The result is interference in what should be taught, how it should be taught and assessed, an obsession with paperwork and vain attempts to raise standards by means of league tables and performance targets.

While many state schools have managed to maintain standards despite this regime, many more have not. There is poor discipline because there is no apparent penalty for bad behaviour, teachers are demoralised because there is too much prescription about how to do the job, too much paperwork and too much time spent child-minding instead of teaching. Examinations have been degraded to maintain the pretence that education is working well, and too many young people leave school without even basic standards of literacy and numeracy.

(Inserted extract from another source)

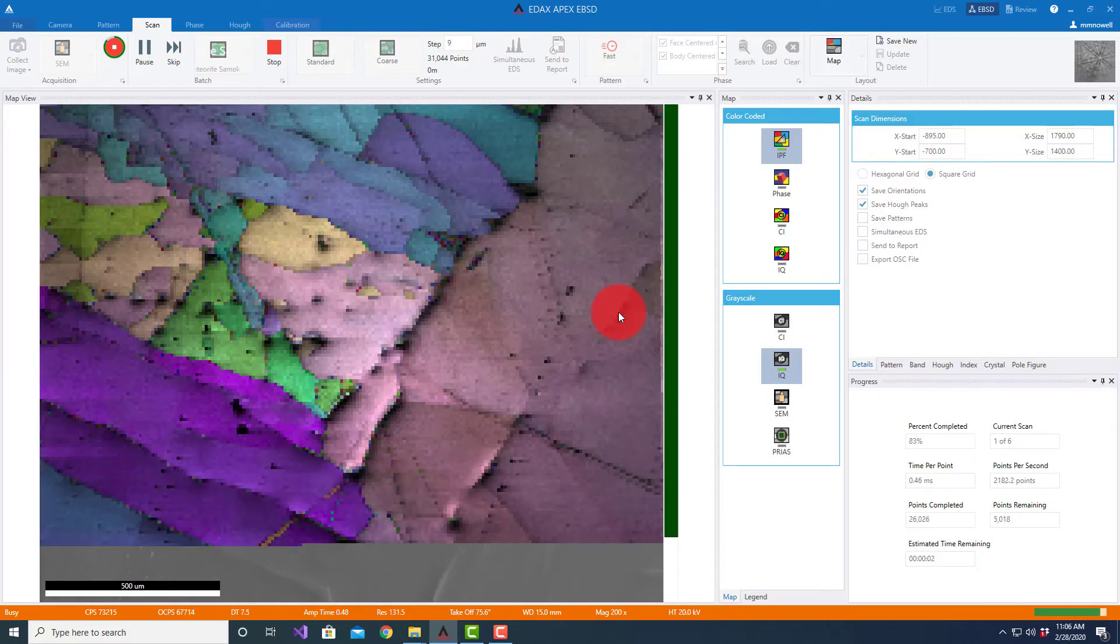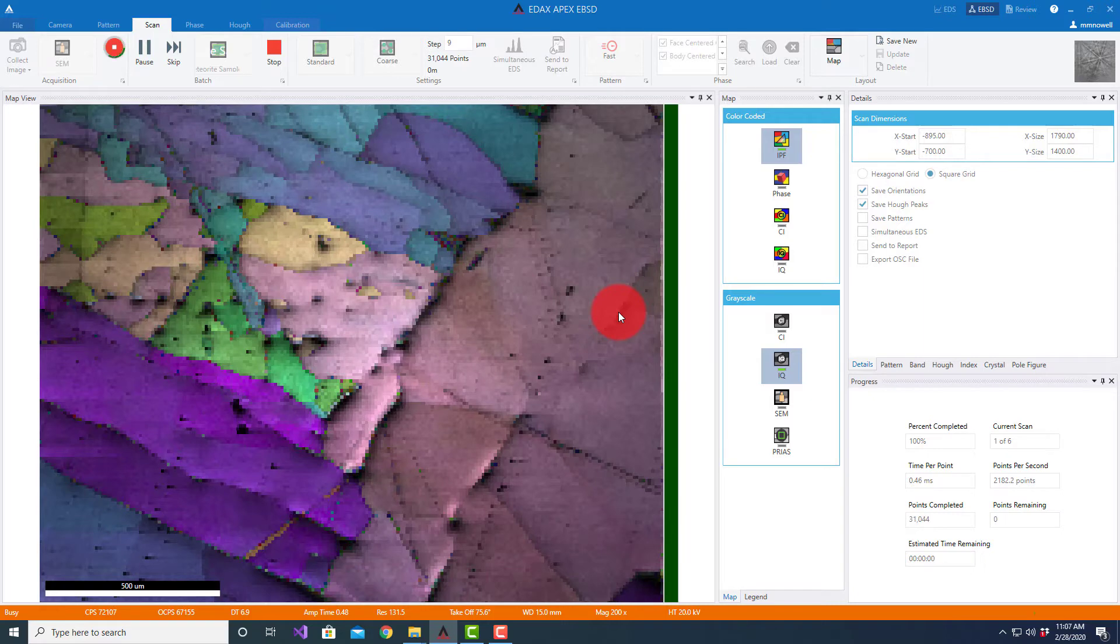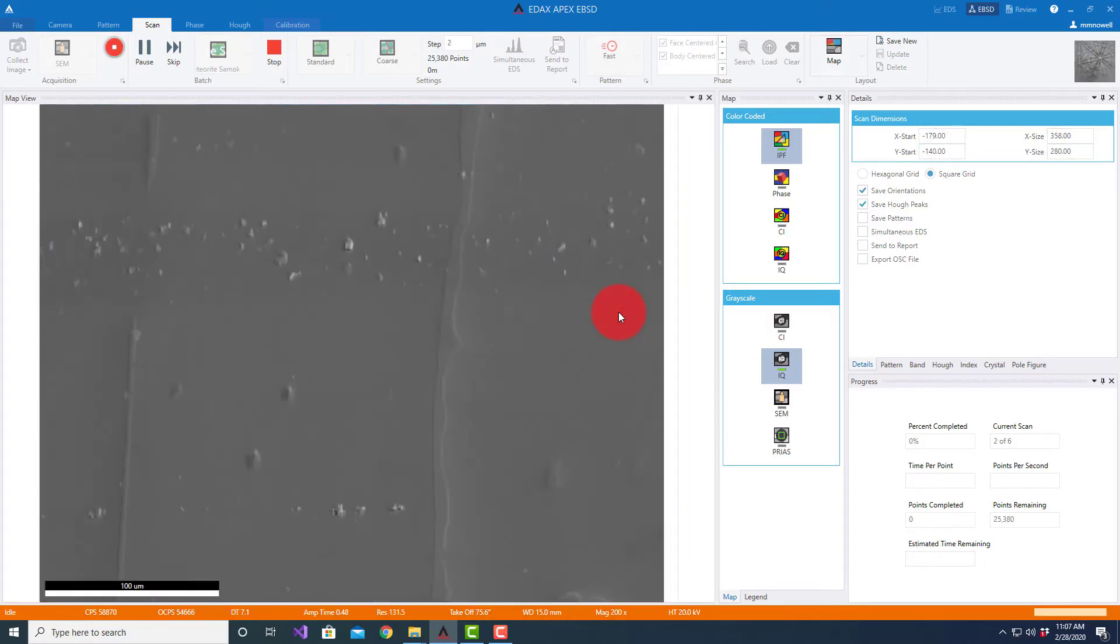So now it's completed one. It'll now go to the next position and change the magnification.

What we all want from our schools is to bring up confident well-rounded young people who are capable not just of earning a living but also contributing to society. The aim must be to bring out the best in each child. Parents must be involved in as many ways as possible so that pupils, parents and teachers can share the responsibility for success and take a pride in it. We also regard competitive sports and the teaching of our values and our history as essential.

Give more autonomy to our state schools, to allow teachers freedom over how to teach and what they want to cover outside the curriculum.

Leave schools to organise their own intermediate testing - Standard Aptitude Tests must go.

Leave the decision to exclude unruly pupils to the headteacher without allowing governors, parents or bureaucrats to compromise this authority.

Provide sufficient specialised facilities for excluded pupils.

Encourage schools to specialise in technical or academic disciplines and allow limited selection of pupils.

Scrap the Qualifications and Curriculum Authority to stop interference by government and bureaucrats in setting standards for GCSE and A level examinations.

Insist on school sports, encourage school trips and provide the necessary facilities.

Besides the above measures to improve state schools, the UK Independence Party would go further in exploring a number of possible arrangements involving private schooling. At present, 15 per cent of parents pay for private education and we shall extend this opportunity more widely. We shall introduce a new assisted-places scheme in which the state helps to fund private education for children from poorer backgrounds. We shall consider granting tax rebates or vouchers to help parents to pay for private schools.

While such schemes may be new to Britain, they are commonplace in a number of other countries including the United States and several countries of the European Union. The general experience where parents are able to choose from a variety of schools, some fee-paying and some not, is that more resources are released for the state sector and higher standards are achieved.